But "National Bolshevism" refers to much more
than just a rapprochement between Germany and Russia, or tactical collaboration
between Communists and Nazis against liberals and Social Democrats. It
condenses a series of attitudes which reach far beyond Europe, and which have
wider currency in the contemporary world than is generally recognized: hence the
importance of Yockey and of Coogan's study of Yockey. National Bolshevism is one
of the most extreme forms of appropriation of elements of the revolutionary
socialist movement for the preservation of class society. Weimar Germany
from 1918 to 1933 was a laboratory of a myriad of currents thrown up by the
simultaneous potential of working-class revolution (1918-1921) and of the
extreme reaction (which borrowed significantly from the workers' movement)
brought to bear against that potential, culminating in Hitler's triumph in 1933.
Though figures such as Bela Kun and Karl Radek are better known, National
Bolshevism entered the workers' movement most dramatically in Hamburg and Bremen
in 1920, articulated by the two German ex-Wobblies Wolffheim and Laufenberg, who
threw themselves into the German workers' councils that sprung up after World
War I. For Wolffheim and Laufenberg, as for a number of other currents of the
early 1920's in Germany and elsewhere(8), workers' revolution was the
royal road to the national revolution; for the National Bolsheviks, the Russian
Revolution was itself a national revolution(9). (To his credit, Lenin called
National Bolshevism "eine himmelschreiende Absurditaet", roughly, a
"monstrous absurdity". Unfortunately, other figures of the Third
International were not so careful.)
The National Bolsheviks, and later Yockey, saw the
cosmopolitan proletarian internationalism of Lenin, Trotsky and the early
Russian Revolution as a superficial veneer which was cast aside by Stalin(10).
"National Bolshevism" ultimately transposes Marx's theory of the war
between the classes to an international theory of struggle between
"bourgeois nations" and "proletarian nations", and buries
the singularity and autonomy of the working class (the international class par
excellence) in a mystique of the state and the nation. In the interwar
period, the main "bourgeois nations" (or plutocracies, as
Georges Sorel, among others, called them) were Britain and France; after 1945,
the same logic was transposed to the new center of world capital, the United
States. And nowhere moreso than in the work of Francis Yockey. The
"proletarian nations" were first of all Germany and Italy, but the
term applied equally (if not moreso) to all the "new nations"

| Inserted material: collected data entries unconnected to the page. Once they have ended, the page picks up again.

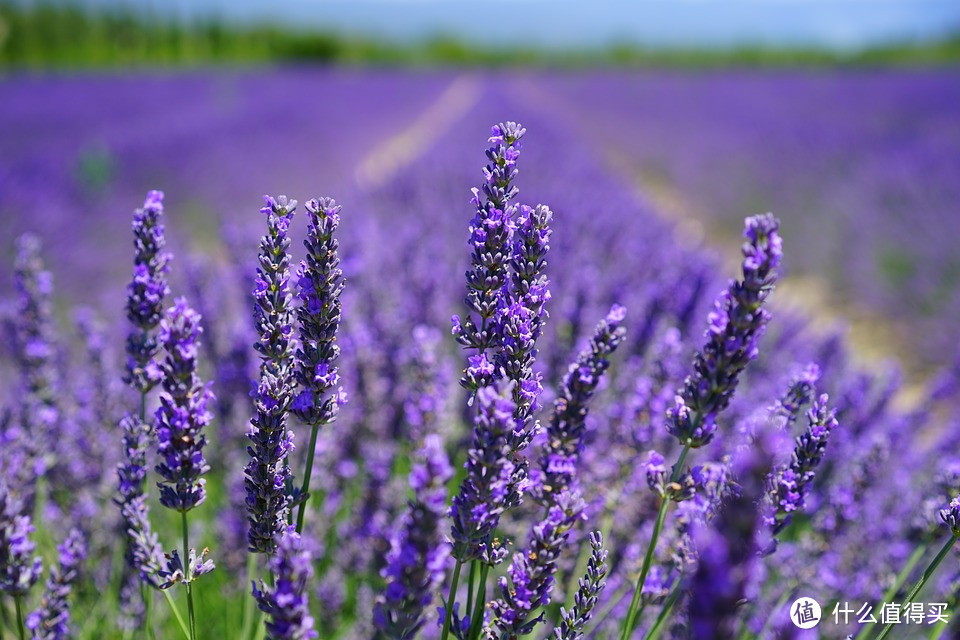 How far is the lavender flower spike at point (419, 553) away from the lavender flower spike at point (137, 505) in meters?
0.45

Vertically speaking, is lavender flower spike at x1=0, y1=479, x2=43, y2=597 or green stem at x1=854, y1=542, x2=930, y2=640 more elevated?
lavender flower spike at x1=0, y1=479, x2=43, y2=597

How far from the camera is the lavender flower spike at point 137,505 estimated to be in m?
1.11

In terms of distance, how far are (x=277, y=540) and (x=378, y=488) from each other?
94 cm

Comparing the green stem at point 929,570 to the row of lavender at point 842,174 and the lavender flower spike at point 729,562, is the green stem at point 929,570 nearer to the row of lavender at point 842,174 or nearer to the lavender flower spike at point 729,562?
the lavender flower spike at point 729,562

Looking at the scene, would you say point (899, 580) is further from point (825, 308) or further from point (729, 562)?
point (825, 308)

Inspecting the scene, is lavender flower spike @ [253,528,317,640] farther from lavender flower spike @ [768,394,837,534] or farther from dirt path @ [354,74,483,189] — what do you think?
dirt path @ [354,74,483,189]

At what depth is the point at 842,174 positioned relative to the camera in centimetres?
948

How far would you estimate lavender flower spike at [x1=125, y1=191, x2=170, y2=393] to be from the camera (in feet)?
3.66

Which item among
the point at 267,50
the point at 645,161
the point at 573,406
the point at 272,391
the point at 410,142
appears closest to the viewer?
the point at 272,391

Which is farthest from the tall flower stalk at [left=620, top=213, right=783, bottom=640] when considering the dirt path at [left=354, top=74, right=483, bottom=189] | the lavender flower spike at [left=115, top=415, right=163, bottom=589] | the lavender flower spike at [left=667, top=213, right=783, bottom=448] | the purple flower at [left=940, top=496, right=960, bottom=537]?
the dirt path at [left=354, top=74, right=483, bottom=189]

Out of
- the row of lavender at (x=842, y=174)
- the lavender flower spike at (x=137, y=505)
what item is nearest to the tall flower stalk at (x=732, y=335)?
the lavender flower spike at (x=137, y=505)

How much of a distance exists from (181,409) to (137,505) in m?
0.32

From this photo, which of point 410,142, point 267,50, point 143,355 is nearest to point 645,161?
point 410,142

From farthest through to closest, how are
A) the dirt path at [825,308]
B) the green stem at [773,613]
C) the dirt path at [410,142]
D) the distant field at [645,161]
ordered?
the dirt path at [410,142] → the distant field at [645,161] → the dirt path at [825,308] → the green stem at [773,613] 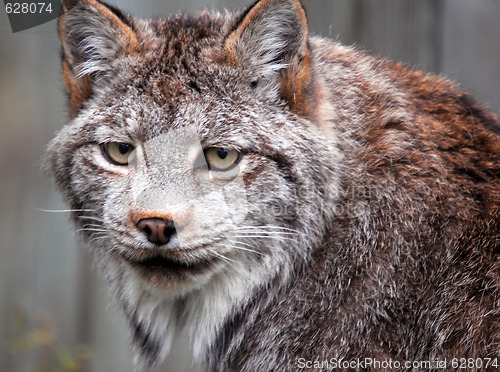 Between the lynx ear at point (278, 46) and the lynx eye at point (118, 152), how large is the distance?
2.84 ft

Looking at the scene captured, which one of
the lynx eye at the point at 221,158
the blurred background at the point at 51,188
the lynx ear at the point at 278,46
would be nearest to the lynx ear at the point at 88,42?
the lynx ear at the point at 278,46

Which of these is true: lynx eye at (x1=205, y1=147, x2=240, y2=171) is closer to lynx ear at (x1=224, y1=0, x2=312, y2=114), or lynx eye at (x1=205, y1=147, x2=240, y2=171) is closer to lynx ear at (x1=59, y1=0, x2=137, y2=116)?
lynx ear at (x1=224, y1=0, x2=312, y2=114)

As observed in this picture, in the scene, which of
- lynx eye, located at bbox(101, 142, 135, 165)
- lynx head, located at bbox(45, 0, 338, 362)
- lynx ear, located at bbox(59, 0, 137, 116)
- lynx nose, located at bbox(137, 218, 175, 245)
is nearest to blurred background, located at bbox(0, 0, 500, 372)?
lynx ear, located at bbox(59, 0, 137, 116)

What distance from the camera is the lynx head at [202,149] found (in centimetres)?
372

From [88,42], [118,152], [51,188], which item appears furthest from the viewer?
[51,188]

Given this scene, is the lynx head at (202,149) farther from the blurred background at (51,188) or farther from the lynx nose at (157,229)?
the blurred background at (51,188)

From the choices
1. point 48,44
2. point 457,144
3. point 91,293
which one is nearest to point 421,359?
point 457,144

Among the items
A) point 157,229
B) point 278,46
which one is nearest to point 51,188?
point 157,229

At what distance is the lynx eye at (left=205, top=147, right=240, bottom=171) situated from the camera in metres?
3.81

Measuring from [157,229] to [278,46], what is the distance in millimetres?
1403

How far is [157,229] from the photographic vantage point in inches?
137

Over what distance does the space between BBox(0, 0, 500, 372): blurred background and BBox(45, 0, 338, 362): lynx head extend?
8.18 ft

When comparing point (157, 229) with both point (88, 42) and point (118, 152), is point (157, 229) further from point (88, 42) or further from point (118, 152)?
point (88, 42)

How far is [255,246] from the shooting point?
154 inches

created by the Versailles Treaty, beginning with Eastern and Central Europe, not
to mention the Latin American nations under the thumb of Anglo-French or
American finance capital, and last but hardly least the growing nationalist
ferment in the colonial world, a ferment encouraged, as indicated earlier, by
successive German governments.
It is still little recognized today how ideologies
first developed in interwar Europe to describe the tensions between the
"core" bourgeois democracies and the "periphery"(11) of
"young" or "new" nations were exported to the semi-colonial
and colonial world, often directly through the influence of "National
Bolshevik" or later National Socialist figures,
and after 1945 by the Nazis who fled to the Middle East and Latin America. After
1918, dozens of new nations emerged from the four defeated empires (Hohenzollern
Prussia, Habsburg Austria-Hungary, Romanov Russia and the Ottomans) and after
1945, dozens more appeared in Africa, the Middle East and the rest of Asia from
the breakup of the British and French empires. In most of these "new
nations", as well as in the semi-colonial countries of Latin America
(Peron's Argentina and Vargas's Brazil come to mind), there was a real or
potential local elite that recycled alloyed or unalloyed "National
Bolshevism" from its original Central and Eastern European interwar sources
into international "left" "anti-imperialist" currency. The
1960's Western leftist admirers of Chou en-lai and Lin Piao would have perhaps
been surprised to learn that the latter's occasional references to the struggle
between "bourgeois nations" and "proletarian nations"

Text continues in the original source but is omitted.